Blog

Data Fusion Techniques; Breaking down the fusion confusion

25 January, 2022 |

Pureprofile

By Johnny Caldwell, FMRS, Senior Director – Partnerships EMEA & US

It might sound a bit scary to the uninitiated, a technique reserved for data scientists and the Googles and Metas of the analytics world but quite simply in quantitative research we fuse data all the time.

Think of the frequency with which we apply weighting to our data sets using pre-accepted variables, segmentation or cluster analytics in order to produce more accurate representative outputs.

A popular and commonplace example is when we apply nationally representative (nat rep) weighting to a project’s results. The specific market’s nat rep figures – the weighting matrix – are accepted as true being as they are derived from official governmental Office for National Statistics figures. The matrix is applied and we re-align the emphasis of the demographic groups lacking in our sample in order to produce a truly representative final data set.

Consequently, Data Fusion can be explained as the integration of multiple data sources in order to produce more accurate and consistent outputs than would be provided by the original individual source.

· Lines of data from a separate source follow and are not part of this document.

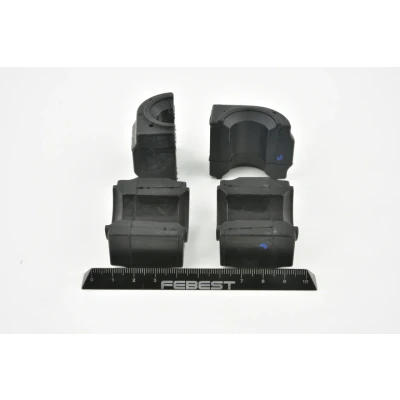 Imagen de FEBEST VWSB 5G1R KIT Silentblock Barra Estabilizadora eje trasero ambos lados VOLKSWAGEN: Golf 7, 7 Variant, AUDI: A3 Sportback, Hatchback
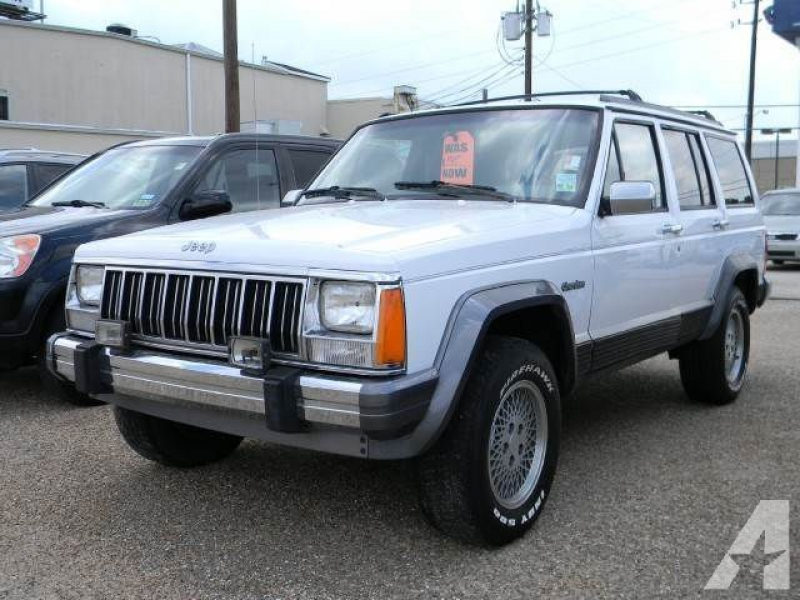 1995 Jeep Cherokee Country for sale in Houston, Texas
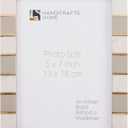 Handicrafts Home 5x7 Picture Frames - Vintage Style Wall Hanging & Desk Decor  Farmhouse Photo Frames Ideal for Living Room Office & Home Decor Picture Frame for Family Pictures & Wall Decor, Darado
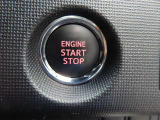 プッシュスタートです。エンジンの始動、停止がワンタッチ操作で出来ます。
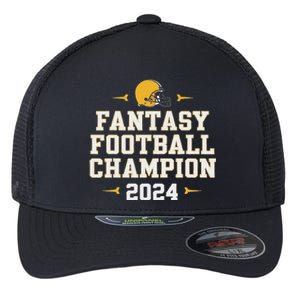 Funny Fantasy Football Champion 2024 Flexfit Unipanel Trucker Cap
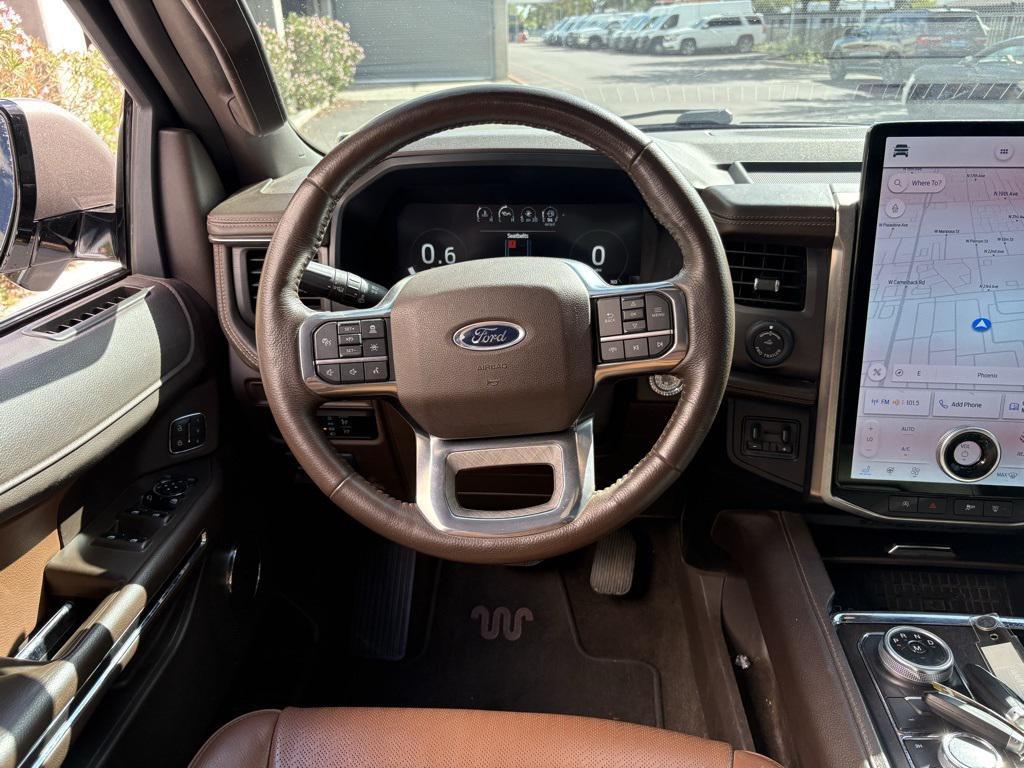 used 2023 Ford Expedition Max car, priced at $56,973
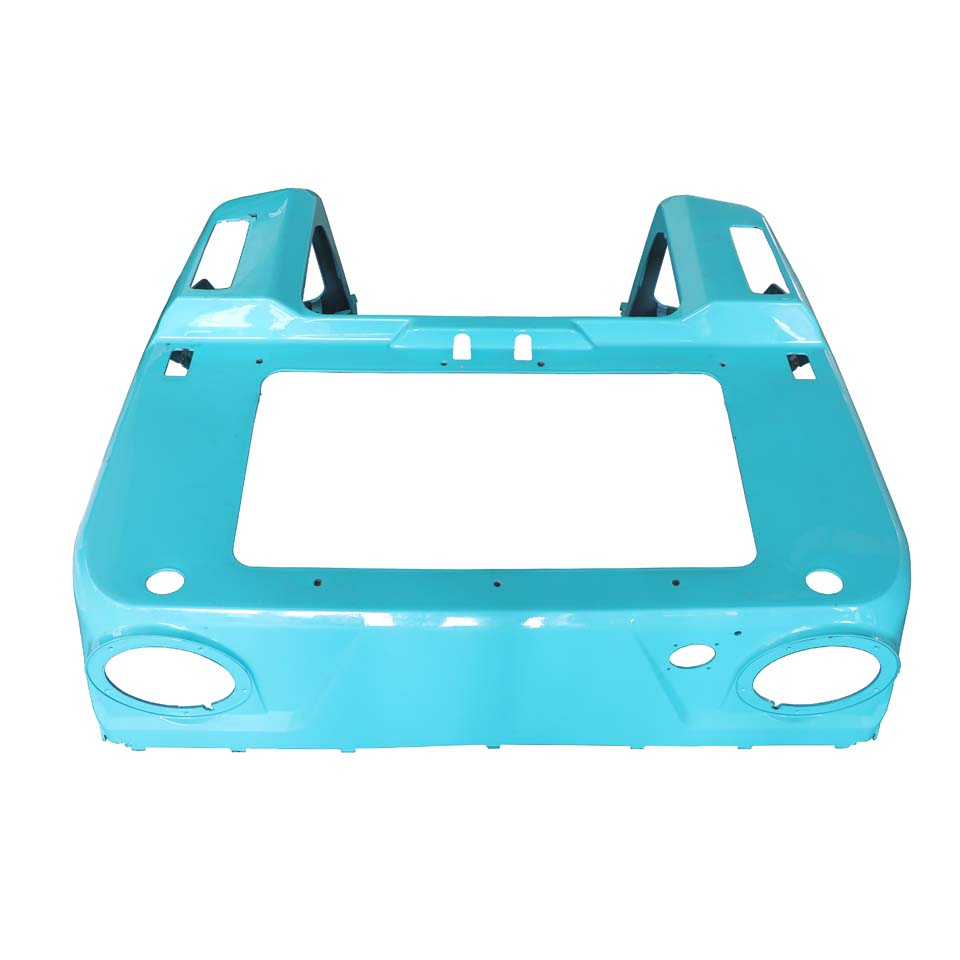 Evolution 2.03.2608-25 Rear Cowl for D-MAX Series, Sky Blue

Looking beyond the original data

If we go up a level, we might want to start layering the data and enhancing it with other useful information obtained outside of the original survey.

Obviously, if you are the owner of or have access to a traditional double opt-in panel this is in many ways easily achievable by simply building a data bank of behaviours on the audience as a whole or a subset thereof. However, it must be noted that the sample has to live in a well curated traditional panel environment – programmatic or river sampling by their transitory nature just won’t work.

Think of the vast amount of screening questions traditional panels ask. These are not just during the initial recruitment process but continuously throughout the life of a panellist in order to establish incidence rates and improve targeting. Because we know exactly who each individual respondent is and we’re not revealing any PII (Personal Identifiable Information), this information can easily be appended to survey data and so enhance the output.

The data sets are endless

We’re not just talking about demographics here. Many clients do however request that these be supplied allowing for a reduced survey length and consequently additional time to concentrate on more intrinsic subject related questioning.

The options are numerous and depending on exactly what the panel owner has previously asked they can include:

Psychographic and lifestyle data
Service and product ownership
Environmental and ethical opinion
Political and future voting persuasion etc.

Up another level and we can source more passive categories of data from our panel audience by utilising a fair data exchange methodology. Completely GDPR compliant and strictly with the full permission of our respondent, there already exists many technologies that now allow us to obtain browsing, app usage, transactional and geo-tracking data that again, because we know exactly who the originator is, can be appended to any related survey data.

But what happens if the data is from an external source?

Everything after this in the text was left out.